Portfolio 2

A real problematic visualization

As shown below, here's an ugly visualization from r/dataisugly.

Image Description

It's trying to visualize the number of Indian Grandmasters over a period from 1987 to 2023. A Grandmaster (GM) in chess is the highest title awarded by the International Chess Federation (FIDE), the game's global governing body. It is a lifetime title, meaning it does not need to be renewed and is valid for the player's lifetime. To become a Grandmaster, a player typically needs to achieve a FIDE rating of at least 2500 at some point in their career. However, the line plot does not do a very good job at visualizing the data. Visualizing the trend of the number of Indian Grandmasters (GMs) from 1987 to 2023 can indeed be challenging with a line plot, especially if the data points are sparse or if the increases in numbers are not uniform year over year. Some limitations of of the above visualization are as follows:

  • Discrete Data: The count of Grandmasters per year is discrete data, not continuous. Line plots are more suitable for continuous data where values between the points are meaningful.
  • Sparsity: If the data has years with no new Grandmasters followed by bursts of multiple Grandmasters in other years, a line plot might not effectively communicate this pattern. The line might appear jagged and fail to show the significance of clusters.
  • Misleading Trends: The line connecting data points might suggest trends that don't exist or obscure important details, such as significant years where multiple Grandmasters were awarded.

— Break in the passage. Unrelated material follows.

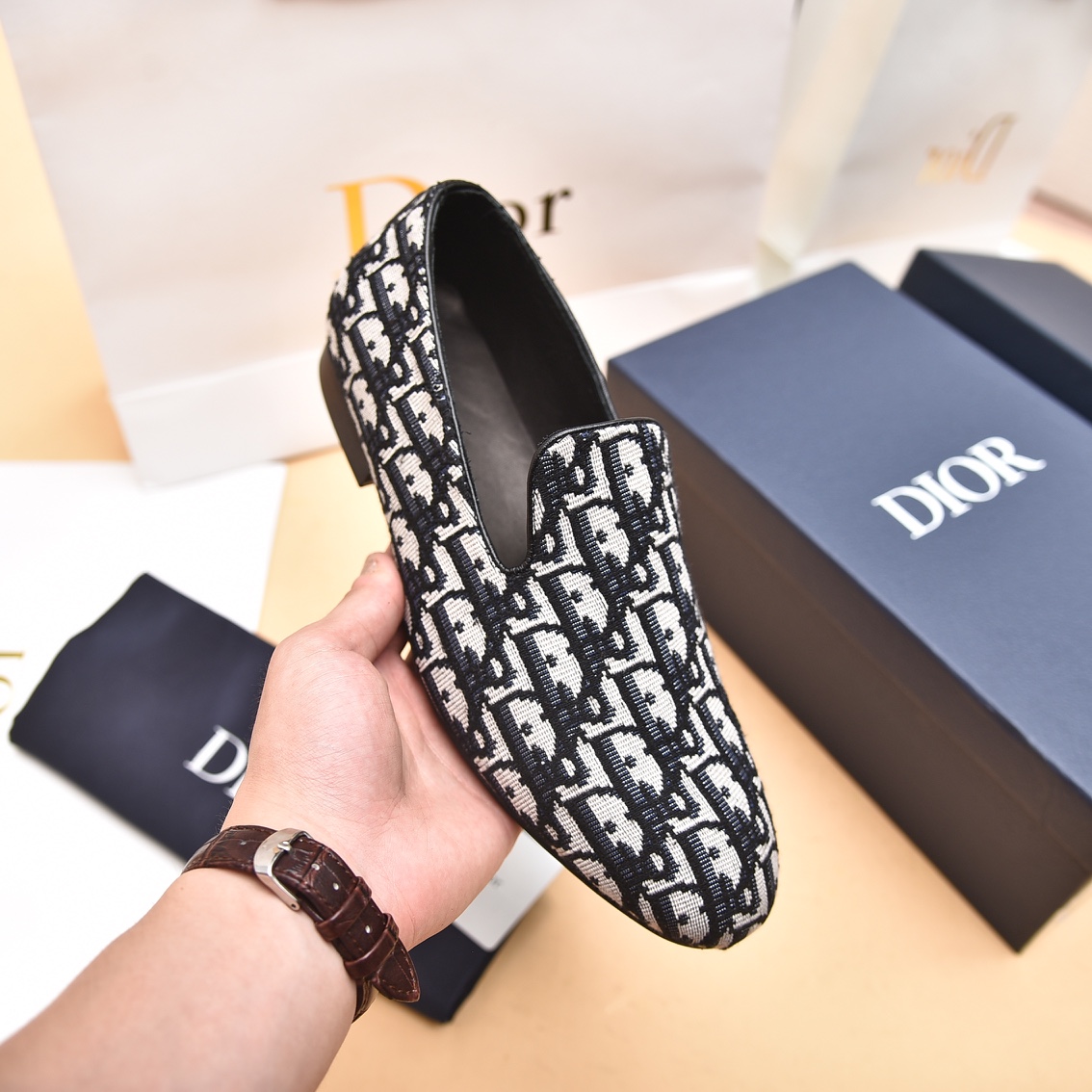 Dior Obique Jacquard Loafer - everydesigner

Also to add, there are some cases where in which the previous year has more grandmaster's followed by a year with less grandmasters. As the plot aggregates the number of grandmasters every year, it still shows the plot with an increasing trend, which is very misleading.

A Visualization Makeover

Here's a better version in Vega-Lite.

This version of the visualization seems correct to me. Instead of aggregating the number of grandmasters every year, I thought it made more sense to just have the the number of grandmastes for each year in a column chart. This looks more visually appealing. It also has a tooltip to show the number of grandmasters for the highlighted year. We can clearly see the trend over the years by having the visualization like this. I feel there are several reason for this choice:

  • Discrete Data Representation: Column charts are well-suited for discrete data points. Each bar represents a distinct year, clearly showing the number of Grandmasters for that particular year. This avoids the misleading implications of continuity that a line chart might introduce.
  • Easily Comparable: The height of the bars makes it easy to compare the number of Grandmasters across different years at a glance. You can quickly identify years with higher or lower counts.
  • Patterns Over Time: Even though each year is shown discretely, you can still observe trends over time. If there is a general increase or decrease in the number of Grandmasters, it becomes visually evident.

To conclude, by using a column chart, we ensure that the information is accessible and easily digestible, making it an ideal choice for presenting the annual distribution of Indian Grandmasters.